The best linear unbiased predictor (BLUP) at an input \({\mathbf{x}}_0\) is given by

$$\begin{aligned} \hat{y}({\mathbf{x}}_0) = E[y({\mathbf{x}}_0)|{\mathbf{y}}] = \mu + {\mathbf{r}}^T({\mathbf{x}}_0) {\mathbf{R}}^{-1}({\mathbf{y}}- \mu {\mathbf{1}}_n), \end{aligned}$$
(5)

where \({\mathbf{r}}({\mathbf{x}}_0) = (R({\mathbf{x}}_0, {\mathbf{x}}_1),\ldots ,R({\mathbf{x}}_0, {\mathbf{x}}_n))^T\). Moreover, the predictive variance of \(y({\mathbf{x}})\) is

$$\begin{aligned} s^2({\mathbf{x}}_0) = \hbox {Var}(y({\mathbf{x}}_0)|{{\mathbf{y}}}) = \sigma ^2 \left( 1-{\mathbf{r}}^T({\mathbf{x}}_0){\mathbf{R}}^{-1}{\mathbf{r}}({\mathbf{x}}_0) \right) . \end{aligned}$$
(6)

In practice, the unknown correlation parameters in (3) and (4) are replaced with the estimates. Thus, \(\mu, \,\sigma ^2, \, {\mathbf{R}},\) and \({\mathbf{r}}({\mathbf{x}}_0)\) in (5) and (6) are replaced by \(\hat{\mu }\), \(\hat{\sigma }^2\), \({\hat{\mathbf{R}}},\) and \({\hat{\mathbf{r}}}({\mathbf{x}}_0)\), respectively. There are a number of R packages that can provide the GP model fitting, for example, mlegp, GPfit, DiceKriging, tgp, RobustGaSP and SAVE [6, 14, 16, 26, 30, 32]. These R packages are different in terms of computational efficiency and stability. In general, they should provide similar results. For the reason of stability, we use the R package GPfit [26] in this article.

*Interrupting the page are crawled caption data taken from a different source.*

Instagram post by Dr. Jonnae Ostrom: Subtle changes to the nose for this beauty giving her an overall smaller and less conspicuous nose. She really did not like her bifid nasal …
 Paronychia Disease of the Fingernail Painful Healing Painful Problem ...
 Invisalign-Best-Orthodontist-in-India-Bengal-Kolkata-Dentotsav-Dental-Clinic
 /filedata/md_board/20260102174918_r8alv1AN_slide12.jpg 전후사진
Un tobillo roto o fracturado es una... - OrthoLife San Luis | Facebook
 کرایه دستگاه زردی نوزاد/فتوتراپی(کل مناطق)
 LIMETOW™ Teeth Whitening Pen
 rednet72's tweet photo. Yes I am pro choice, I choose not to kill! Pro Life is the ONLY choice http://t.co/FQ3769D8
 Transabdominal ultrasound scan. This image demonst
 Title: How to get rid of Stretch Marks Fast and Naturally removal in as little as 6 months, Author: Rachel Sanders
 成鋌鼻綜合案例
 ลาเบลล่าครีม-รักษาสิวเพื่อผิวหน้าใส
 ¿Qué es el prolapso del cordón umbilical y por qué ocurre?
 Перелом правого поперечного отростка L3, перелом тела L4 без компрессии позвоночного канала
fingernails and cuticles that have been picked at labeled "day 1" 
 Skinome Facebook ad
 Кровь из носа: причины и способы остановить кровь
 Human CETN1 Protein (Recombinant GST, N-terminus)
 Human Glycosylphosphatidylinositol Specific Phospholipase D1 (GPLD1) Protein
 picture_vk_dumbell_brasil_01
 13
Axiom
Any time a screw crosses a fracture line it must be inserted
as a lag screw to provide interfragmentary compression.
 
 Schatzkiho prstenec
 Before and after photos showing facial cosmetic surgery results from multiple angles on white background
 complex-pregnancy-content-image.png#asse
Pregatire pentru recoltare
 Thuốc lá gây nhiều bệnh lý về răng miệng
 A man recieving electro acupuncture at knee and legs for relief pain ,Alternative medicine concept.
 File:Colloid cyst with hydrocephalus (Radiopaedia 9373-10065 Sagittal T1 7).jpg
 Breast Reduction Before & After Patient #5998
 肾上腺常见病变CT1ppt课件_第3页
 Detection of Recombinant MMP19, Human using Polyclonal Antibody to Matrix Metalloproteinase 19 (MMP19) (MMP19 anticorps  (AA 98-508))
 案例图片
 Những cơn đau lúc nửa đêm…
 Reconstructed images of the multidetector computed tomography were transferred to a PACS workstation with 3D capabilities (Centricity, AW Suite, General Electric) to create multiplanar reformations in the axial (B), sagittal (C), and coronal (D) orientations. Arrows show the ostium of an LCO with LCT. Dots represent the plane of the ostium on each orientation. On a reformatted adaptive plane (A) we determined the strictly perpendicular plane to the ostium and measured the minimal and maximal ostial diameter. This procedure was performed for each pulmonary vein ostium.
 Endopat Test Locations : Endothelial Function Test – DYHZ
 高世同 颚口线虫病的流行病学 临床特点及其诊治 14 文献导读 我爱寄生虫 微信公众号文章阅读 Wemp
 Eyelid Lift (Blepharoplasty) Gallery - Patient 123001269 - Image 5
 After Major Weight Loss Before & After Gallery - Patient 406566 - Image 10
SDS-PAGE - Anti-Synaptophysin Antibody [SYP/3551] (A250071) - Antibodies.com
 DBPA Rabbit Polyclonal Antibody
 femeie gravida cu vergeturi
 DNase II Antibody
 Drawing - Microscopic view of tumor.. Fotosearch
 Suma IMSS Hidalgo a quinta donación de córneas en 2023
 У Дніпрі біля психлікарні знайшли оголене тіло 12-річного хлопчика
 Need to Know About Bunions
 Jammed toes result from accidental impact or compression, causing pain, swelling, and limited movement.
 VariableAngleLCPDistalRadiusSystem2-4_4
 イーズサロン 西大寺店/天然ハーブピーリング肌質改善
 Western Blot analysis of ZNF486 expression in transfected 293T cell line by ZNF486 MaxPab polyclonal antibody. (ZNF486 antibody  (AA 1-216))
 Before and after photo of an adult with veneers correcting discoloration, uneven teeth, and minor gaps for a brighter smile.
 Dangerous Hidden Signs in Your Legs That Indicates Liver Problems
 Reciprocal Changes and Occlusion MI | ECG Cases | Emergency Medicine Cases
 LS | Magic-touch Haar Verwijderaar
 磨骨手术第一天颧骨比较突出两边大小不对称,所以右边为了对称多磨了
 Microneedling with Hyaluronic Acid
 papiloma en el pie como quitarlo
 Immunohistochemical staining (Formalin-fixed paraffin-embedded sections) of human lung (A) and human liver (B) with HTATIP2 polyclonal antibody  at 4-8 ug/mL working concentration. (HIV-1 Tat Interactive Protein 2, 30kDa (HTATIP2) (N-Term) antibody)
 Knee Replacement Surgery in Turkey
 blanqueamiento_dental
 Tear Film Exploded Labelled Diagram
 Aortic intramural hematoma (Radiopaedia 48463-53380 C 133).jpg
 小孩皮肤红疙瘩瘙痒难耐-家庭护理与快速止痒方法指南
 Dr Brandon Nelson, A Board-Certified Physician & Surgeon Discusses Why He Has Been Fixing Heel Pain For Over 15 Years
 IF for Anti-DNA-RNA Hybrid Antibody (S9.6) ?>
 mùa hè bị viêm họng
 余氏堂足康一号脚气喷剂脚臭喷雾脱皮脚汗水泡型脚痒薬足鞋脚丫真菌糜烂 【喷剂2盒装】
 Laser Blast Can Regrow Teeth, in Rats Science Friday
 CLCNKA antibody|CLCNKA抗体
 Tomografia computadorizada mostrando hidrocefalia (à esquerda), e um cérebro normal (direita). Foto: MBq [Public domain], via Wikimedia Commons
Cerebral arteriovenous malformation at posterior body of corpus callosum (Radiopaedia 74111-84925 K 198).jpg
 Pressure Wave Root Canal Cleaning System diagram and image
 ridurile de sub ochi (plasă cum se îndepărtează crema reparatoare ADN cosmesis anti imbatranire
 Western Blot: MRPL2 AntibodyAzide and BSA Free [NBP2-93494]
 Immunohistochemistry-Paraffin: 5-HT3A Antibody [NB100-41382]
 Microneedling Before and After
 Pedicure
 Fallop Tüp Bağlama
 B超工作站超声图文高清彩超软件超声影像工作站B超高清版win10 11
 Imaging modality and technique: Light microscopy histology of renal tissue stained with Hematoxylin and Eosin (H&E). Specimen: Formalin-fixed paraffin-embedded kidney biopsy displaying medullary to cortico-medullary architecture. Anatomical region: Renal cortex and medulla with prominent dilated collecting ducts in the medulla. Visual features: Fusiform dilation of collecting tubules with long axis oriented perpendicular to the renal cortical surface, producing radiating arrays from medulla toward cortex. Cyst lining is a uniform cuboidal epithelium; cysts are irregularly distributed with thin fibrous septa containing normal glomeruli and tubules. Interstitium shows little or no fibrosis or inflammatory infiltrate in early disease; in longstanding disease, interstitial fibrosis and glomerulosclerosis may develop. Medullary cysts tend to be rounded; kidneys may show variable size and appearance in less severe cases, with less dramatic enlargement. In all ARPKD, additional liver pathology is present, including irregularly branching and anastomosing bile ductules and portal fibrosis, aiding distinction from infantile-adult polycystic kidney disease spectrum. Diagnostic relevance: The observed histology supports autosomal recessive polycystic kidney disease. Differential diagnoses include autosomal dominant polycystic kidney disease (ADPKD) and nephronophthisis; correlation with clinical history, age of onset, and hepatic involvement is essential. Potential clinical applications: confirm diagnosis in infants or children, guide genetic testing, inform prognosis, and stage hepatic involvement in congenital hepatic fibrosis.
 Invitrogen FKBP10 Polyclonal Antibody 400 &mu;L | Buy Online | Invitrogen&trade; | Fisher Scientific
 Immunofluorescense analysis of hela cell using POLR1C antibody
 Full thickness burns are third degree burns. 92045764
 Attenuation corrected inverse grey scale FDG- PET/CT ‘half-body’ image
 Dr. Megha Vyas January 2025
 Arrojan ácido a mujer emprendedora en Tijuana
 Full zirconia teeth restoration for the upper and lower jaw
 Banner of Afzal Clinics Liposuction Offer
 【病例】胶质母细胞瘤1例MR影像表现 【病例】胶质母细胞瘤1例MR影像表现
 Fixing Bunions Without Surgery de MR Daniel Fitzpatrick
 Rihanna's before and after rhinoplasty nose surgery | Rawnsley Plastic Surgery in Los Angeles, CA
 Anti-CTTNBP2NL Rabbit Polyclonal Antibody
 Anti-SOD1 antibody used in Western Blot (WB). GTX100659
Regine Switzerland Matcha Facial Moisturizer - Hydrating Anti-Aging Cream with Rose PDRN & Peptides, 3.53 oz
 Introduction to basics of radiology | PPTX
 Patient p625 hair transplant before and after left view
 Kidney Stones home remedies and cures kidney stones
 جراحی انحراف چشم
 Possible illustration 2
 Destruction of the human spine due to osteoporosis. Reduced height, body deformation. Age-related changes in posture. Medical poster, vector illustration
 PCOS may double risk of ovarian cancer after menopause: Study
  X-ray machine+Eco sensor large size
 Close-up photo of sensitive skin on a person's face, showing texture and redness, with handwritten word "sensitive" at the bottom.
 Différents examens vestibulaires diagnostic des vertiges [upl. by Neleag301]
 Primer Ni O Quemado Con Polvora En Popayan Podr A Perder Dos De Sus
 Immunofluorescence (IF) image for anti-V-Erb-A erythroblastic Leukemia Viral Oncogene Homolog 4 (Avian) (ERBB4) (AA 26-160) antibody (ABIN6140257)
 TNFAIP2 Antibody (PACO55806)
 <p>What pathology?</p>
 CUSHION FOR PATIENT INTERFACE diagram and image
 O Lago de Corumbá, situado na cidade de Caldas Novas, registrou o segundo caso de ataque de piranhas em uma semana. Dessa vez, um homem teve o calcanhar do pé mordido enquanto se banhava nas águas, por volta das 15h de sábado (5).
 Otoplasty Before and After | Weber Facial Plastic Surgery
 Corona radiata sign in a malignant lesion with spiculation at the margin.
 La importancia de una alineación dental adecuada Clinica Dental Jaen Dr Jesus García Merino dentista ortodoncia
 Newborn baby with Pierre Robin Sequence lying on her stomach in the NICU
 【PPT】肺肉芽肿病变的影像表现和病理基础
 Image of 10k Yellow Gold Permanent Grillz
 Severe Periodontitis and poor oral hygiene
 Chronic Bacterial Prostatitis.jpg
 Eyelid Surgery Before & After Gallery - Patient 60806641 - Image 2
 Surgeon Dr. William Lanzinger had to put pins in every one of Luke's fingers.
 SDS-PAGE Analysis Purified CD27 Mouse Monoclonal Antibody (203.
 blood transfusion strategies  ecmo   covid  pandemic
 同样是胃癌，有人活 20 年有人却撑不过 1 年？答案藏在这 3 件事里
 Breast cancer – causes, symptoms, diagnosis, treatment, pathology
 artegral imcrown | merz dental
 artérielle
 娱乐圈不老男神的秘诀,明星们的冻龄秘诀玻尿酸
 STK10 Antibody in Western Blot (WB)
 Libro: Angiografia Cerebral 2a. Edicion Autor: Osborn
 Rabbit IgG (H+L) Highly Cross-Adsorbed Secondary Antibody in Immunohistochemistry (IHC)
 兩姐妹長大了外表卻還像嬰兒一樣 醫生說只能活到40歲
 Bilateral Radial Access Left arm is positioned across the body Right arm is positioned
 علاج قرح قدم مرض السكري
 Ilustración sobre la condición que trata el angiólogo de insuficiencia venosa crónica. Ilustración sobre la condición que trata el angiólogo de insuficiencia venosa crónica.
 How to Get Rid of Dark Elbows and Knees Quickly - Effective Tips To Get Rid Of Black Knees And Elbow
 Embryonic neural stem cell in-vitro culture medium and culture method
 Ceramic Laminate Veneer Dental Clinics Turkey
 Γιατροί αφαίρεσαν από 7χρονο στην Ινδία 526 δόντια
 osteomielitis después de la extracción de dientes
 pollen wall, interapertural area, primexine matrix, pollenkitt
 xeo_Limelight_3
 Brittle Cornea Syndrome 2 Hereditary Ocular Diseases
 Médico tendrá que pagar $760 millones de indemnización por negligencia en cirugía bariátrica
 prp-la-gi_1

2.2 Existing Sequential Design Approaches for Global Fitting

The general setup of a sequential design approach starts with an initial design and adds one point or a batch of points at a time sequentially. We focus on the sequential approaches of adding one point at a time. The next follow-up point should be chosen based on the information gathered from the existing data and should be most informative among the candidate points. The process of adding points is repeated until a tolerance based stopping criterion is met or a pre-specified budget is exhausted. The step-by-step process of the sequential design approach is as follows.

  1. Step 1

    Choose an initial design of run size \(n_0\). Let \(n=n_0\).

  2. Step 2

    Build a statistical surrogate model using the available data \(\{ ({\mathbf{x}}_i, y_i), i = 1,\ldots ,n\}\).

  3. Step 3

    Choose the next design point \({\mathbf{x}}_{n+1}\) based on a criterion. Run the computer code at the new input \({\mathbf{x}}_{n+1}\) and obtain the corresponding response \(y_{n+1}\).

  4. Step 4

    Let \(n= n+1\) and repeat Steps 2 and 3 until it reaches the run size budget or satisfies the stopping criterion.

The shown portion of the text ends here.